Hydration requires your full attention and commitment. As an athlete you are constantly pushing your body to the limit to maintain peak performance. Water is called the elixir of life for a reason, it plays an irreplaceable role in maintaining your overall health. Hydration, or the process of fueling your body with an adequate amount of water, is not just a recommendation for life, it is a critical necessity.
Although your body is primarily composed of 60-80% water, it is frequently underestimated as a crucial nutrient capable of influencing not just physical but also mental performance. This cannot be overstated. Whether you are playing a sport, typing in an office, or lifting boxes in a warehouse, hydration affects you in subtle yet significant ways.
When you are active you lose water through thermoregulatory sweating. The bursts of high-intensity effort, your body composition, your equipment and uniforms, environmental and physiological stressors all play a role. Your body is also using water in the internal chemical processes of exercise. If you don’t drink to replace what’s been lost you will have reduced performance capacity and other undesirable changes.
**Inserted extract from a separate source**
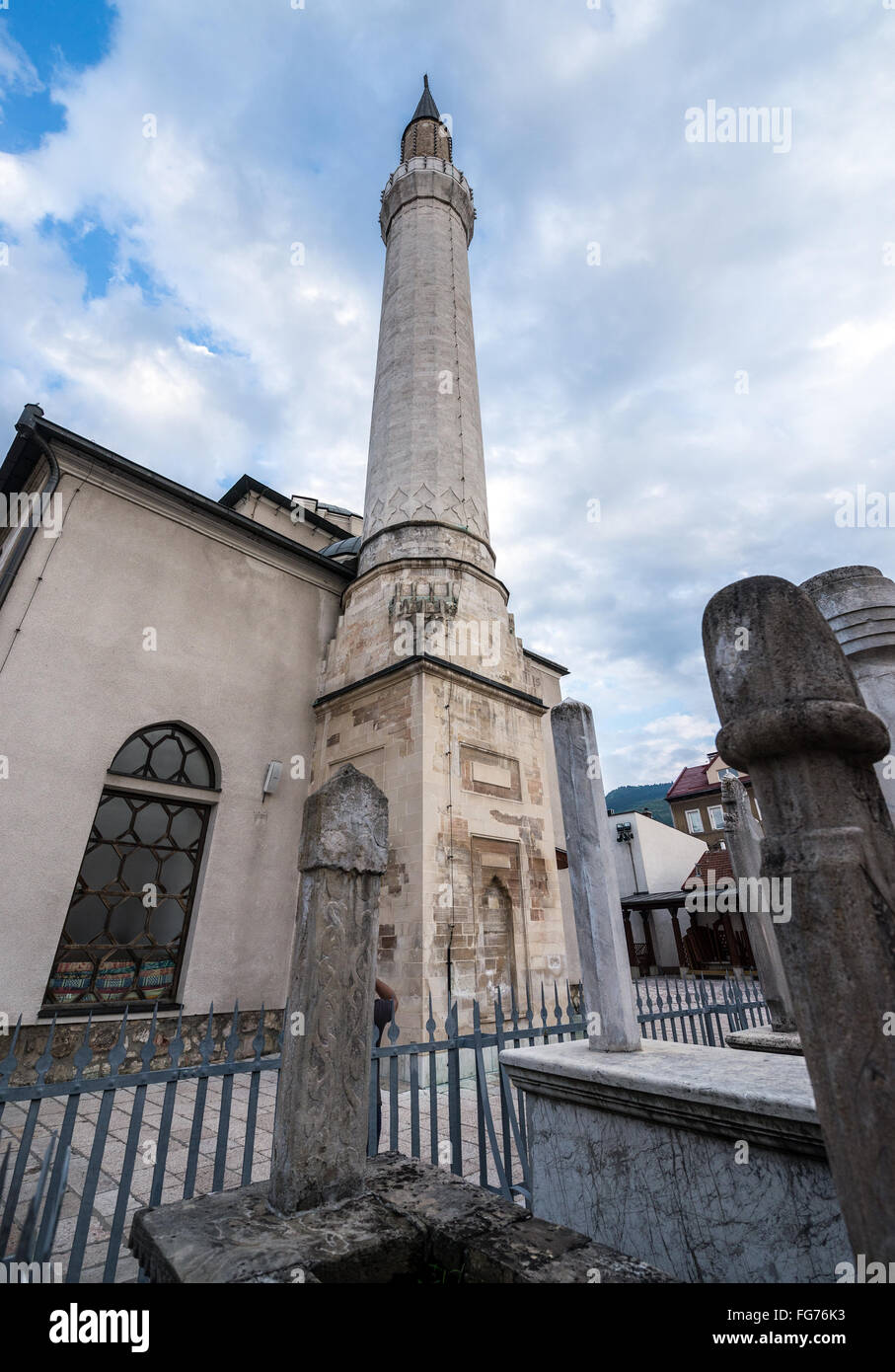 Gazi Husrev-beg moschea e Mausoleo (sinistra) nella vecchia città di Sarajevo, la più grande moschea storica in Bosnia ed Erzegovina Foto Stock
These changes include suboptimal body temperature, heightened breathing rate, added strain on the cardiovascular system, decreased blood flow to your brain, muscles, skin and the other systems of the body, as well as a diminished capacity to produce and utilize energy. All of this leads to decreased performance.
Even when you aren’t training or competing, the average person loses 2.5 to 3 liters of fluids on a daily basis. Primary sources of normal loss of fluid include urine, sweat, stool, and respiration. Water brings nutrients to cells, gets rid of waste, protects joints and organs, maintains a healthy body temperature and your metabolism. Without the proper amount of water, your daily body necessities of digestion, absorption, and circulation cannot function properly. It can make you feel unusually tired, you may find it harder to focus on daily activities. Long term, it can lead to problems with your heart valves or kidney stones.
Psychological impacts of dehydration also play a role in the decline of physical performance. Negative emotional states and stressors linked to limited fluid intake will prevent you from giving your all. Over 90% of studies in team sports that assessed participants’ Rate of Perceived Exertion or fatigue noted significantly higher ratings when fluid intake was restricted compared to conditions where fluids were provided.
A loss of 4% total body water leads to dehydration, that’s not a lot. The importance of hydration is not just making sure you drink water everyday but making sure you drink the right amount of water everyday. Anything easy to do is easy not to do. Drinking the right amount of water daily falls in this category. Set a timer, use a fun water bottle, make it a personal challenge, whatever you need to drink your ounces. You’ll notice important differences when you do.